28/01/2012
Une vaste escroquerie Le Biocarburant SP95-E10 : est-ce vraiment économique et bon pour l'environnement ?
Alors que les professionnels des biocarburants ou agrocarburants se félicitent de la démocratisation du SP95-E10 et de la recommandation de la cour des comptes quant à la poursuite de sa production, certaines associations y voient un trompe l'œil qui appauvrit les automobilistes et l'environnement.
Selon la filière française du bioéthanol, en 2011, le SP95-E10, carburant contenant jusqu'à 10% de bioéthanol, a poursuivi « sa percée et termine l'année 2011 avec une part de marché des essences de plus de 20% en décembre 2011, en progression de plus de 40% sur 1 an. »
Ainsi, « le SP95-E10 est déjà distribué dans plus de 25 % des stations-service contre 19% en janvier 2011. Sur les 6 derniers mois de 2011, le SP95-E10 a été vendu en moyenne environ 3,5 centimes par litre moins cher que le SP95 dans les circuits de distribution comparables. » Ce qui correspondrait, selon les professionnels du bioéthanol, à une « économie de 0,39 € par litre par rapport au SP95, soit plus de 460 € par an pour un automobiliste parcourant 15 000 km par an. »
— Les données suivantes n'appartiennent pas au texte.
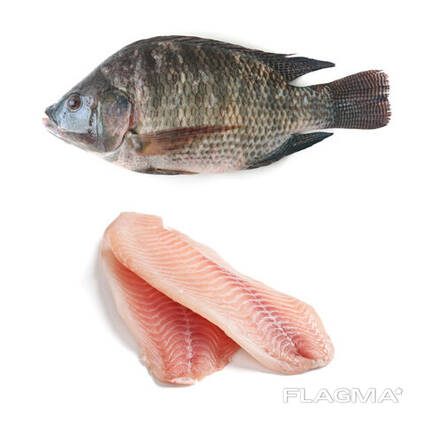Frozen Tilapia Fish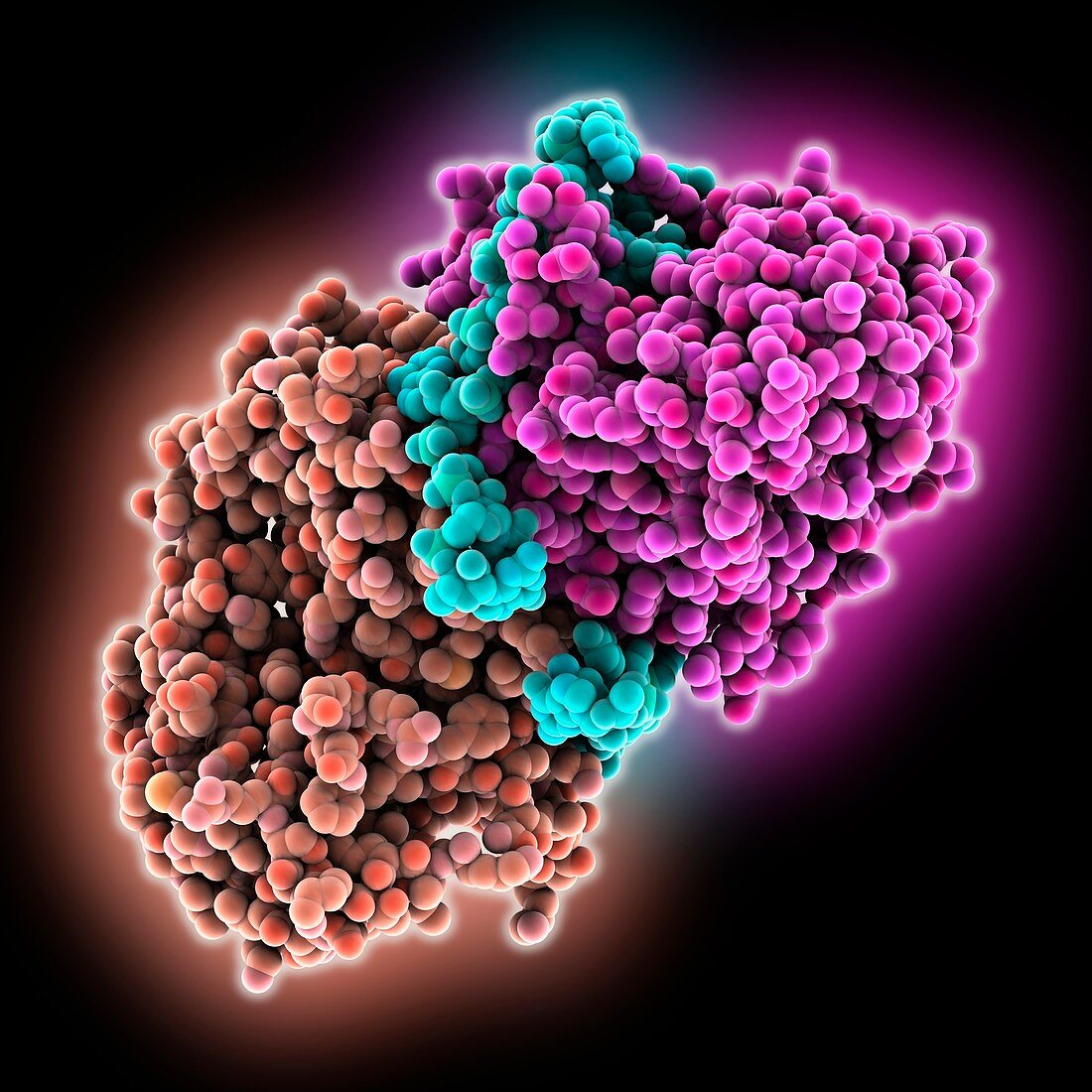 Endonuclease processing CRISPR RNA, molecular model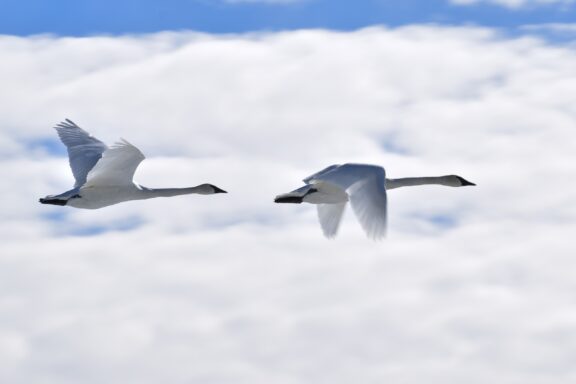 Above the Clouds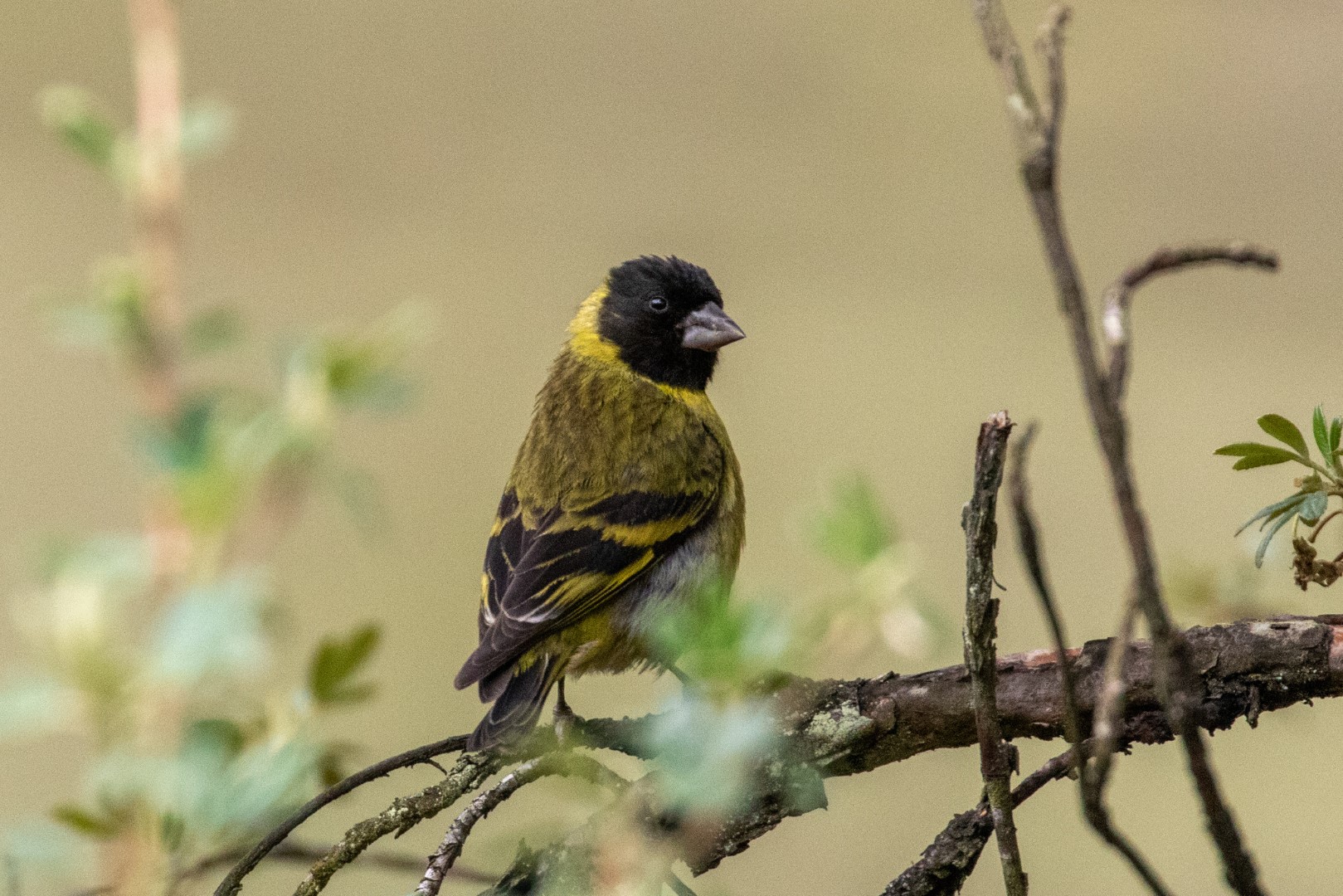 Thick-billed Siskin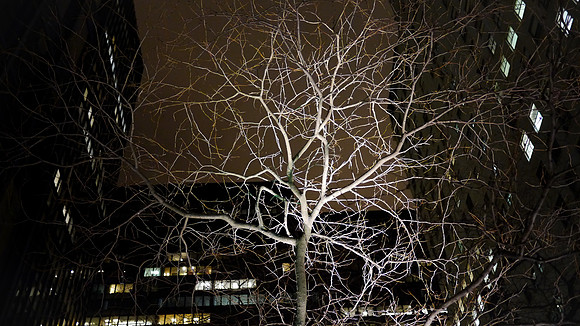 Nightscapes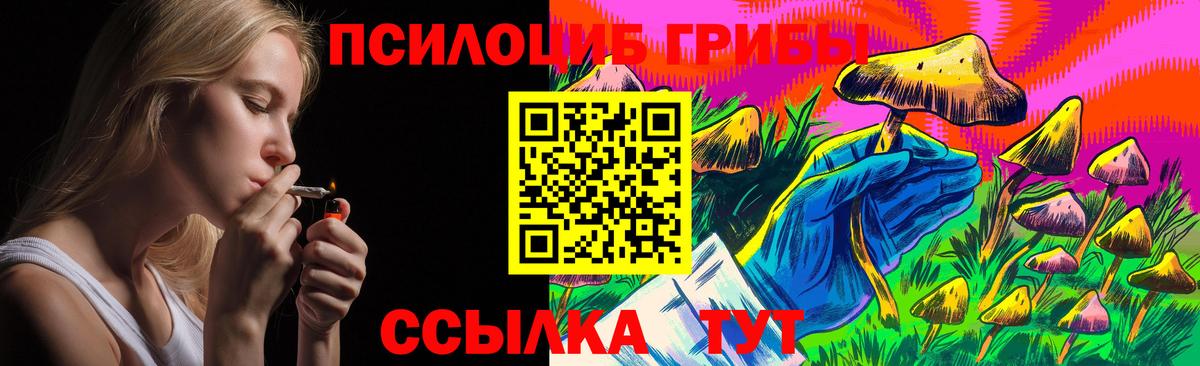 Галлюциногенные грибы мицелий  Галлюциногенные грибы Cubensis  Вход с VPN  Корсаков 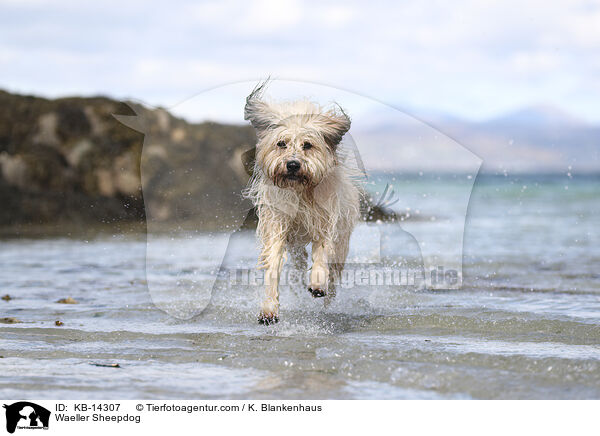 Waeller Sheepdog / KB-14307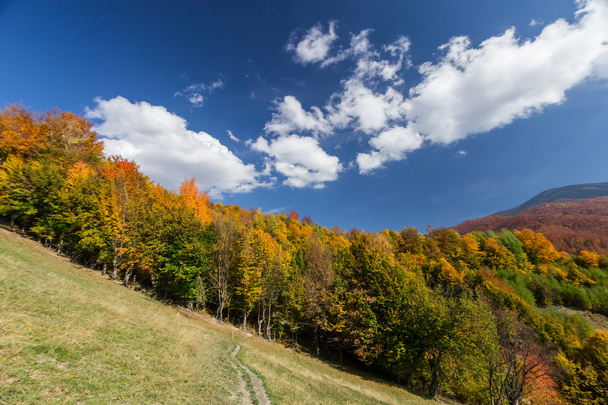 Осенний лес и тропа на лугу с красивым голубым облачным небом
 - Фото, изображение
Malheureusement, dans les faits, nous constatons que le SPE95-E10 a un rendement significativement moindre que le SP95 (-18% sur une Renault Twingo 2), ce qui oblige donc l'automobiliste à consommer plus et donc à dépenser plus, contrairement à ce qu'indiquent les professionnels de la filière. Un constat partagé par un récent rapport de la Cour des comptes qui indique que les politiques françaises de promotion des agrocarburants ont coûté 3 milliards d'euros aux consommateurs entre 2005 et 2010. Ainsi, les agrocarburants, incorporés aux carburants fossiles, obligent en effet à passer plus souvent à la pompe car ils sont moins efficaces que les carburants fossiles, constate également le Réseau Action Climat - France et ses associations membres......extraits notreplaneteinfo.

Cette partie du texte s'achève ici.